Segment Open

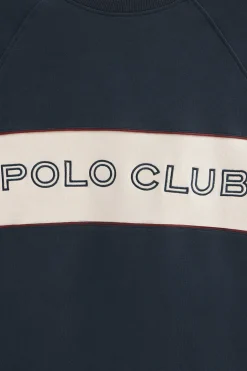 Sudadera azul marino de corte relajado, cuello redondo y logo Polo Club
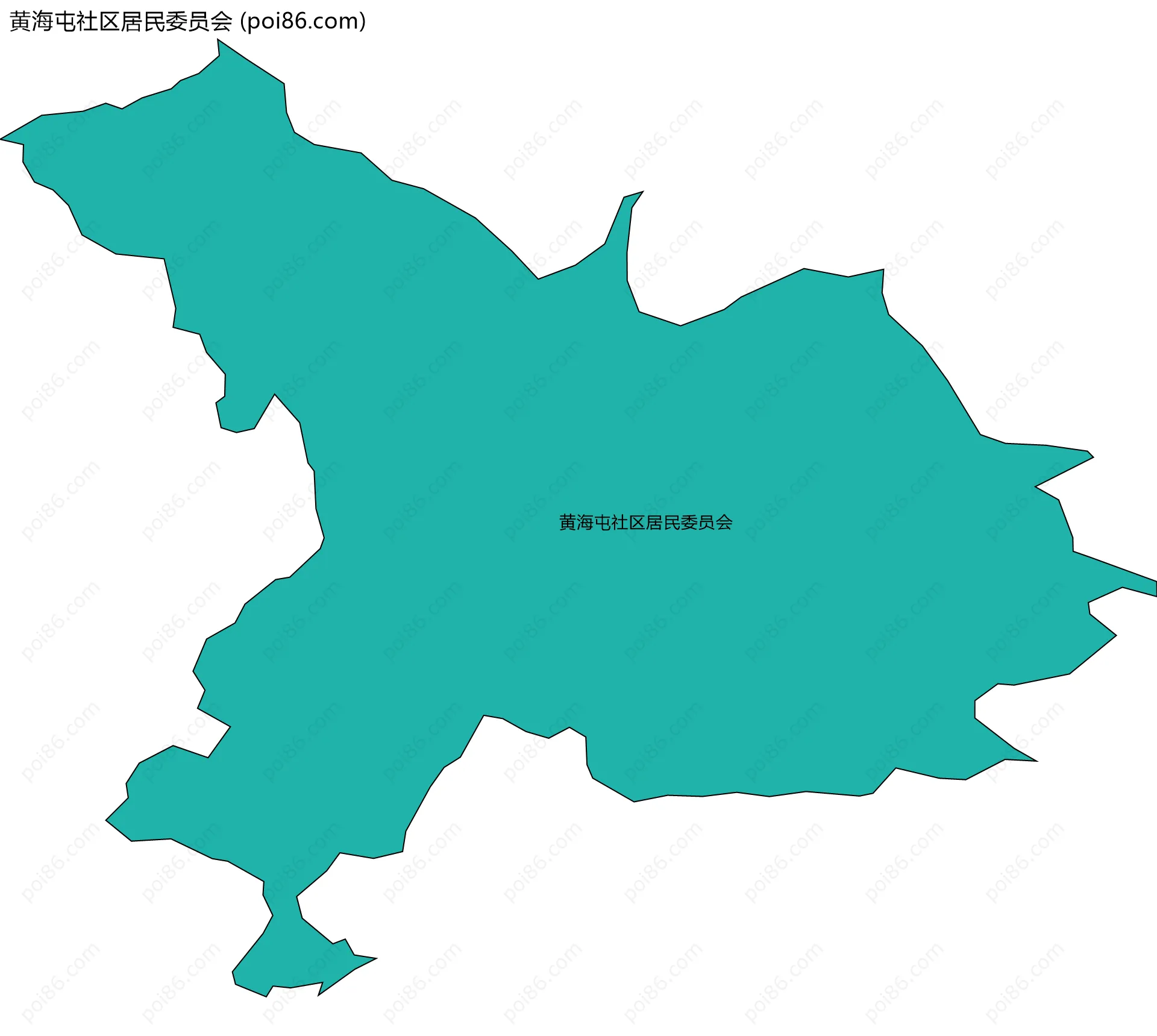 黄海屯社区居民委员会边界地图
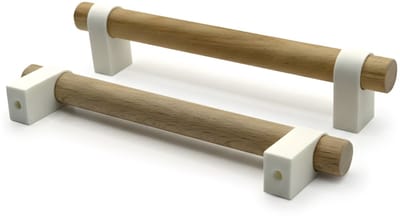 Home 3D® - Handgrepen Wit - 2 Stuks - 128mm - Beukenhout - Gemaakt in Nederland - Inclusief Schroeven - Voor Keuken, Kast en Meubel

Segment Closed

Action item: The required output is each line above restated verbatim, with all images omitted.

Response to this exercise:
 Sudadera azul marino de corte relajado, cuello redondo y logo Polo Club
 黄海屯社区居民委员会边界地图
 Home 3D® - Handgrepen Wit - 2 Stuks - 128mm - Beukenhout - Gemaakt in Nederland - Inclusief Schroeven - Voor Keuken, Kast en Meubel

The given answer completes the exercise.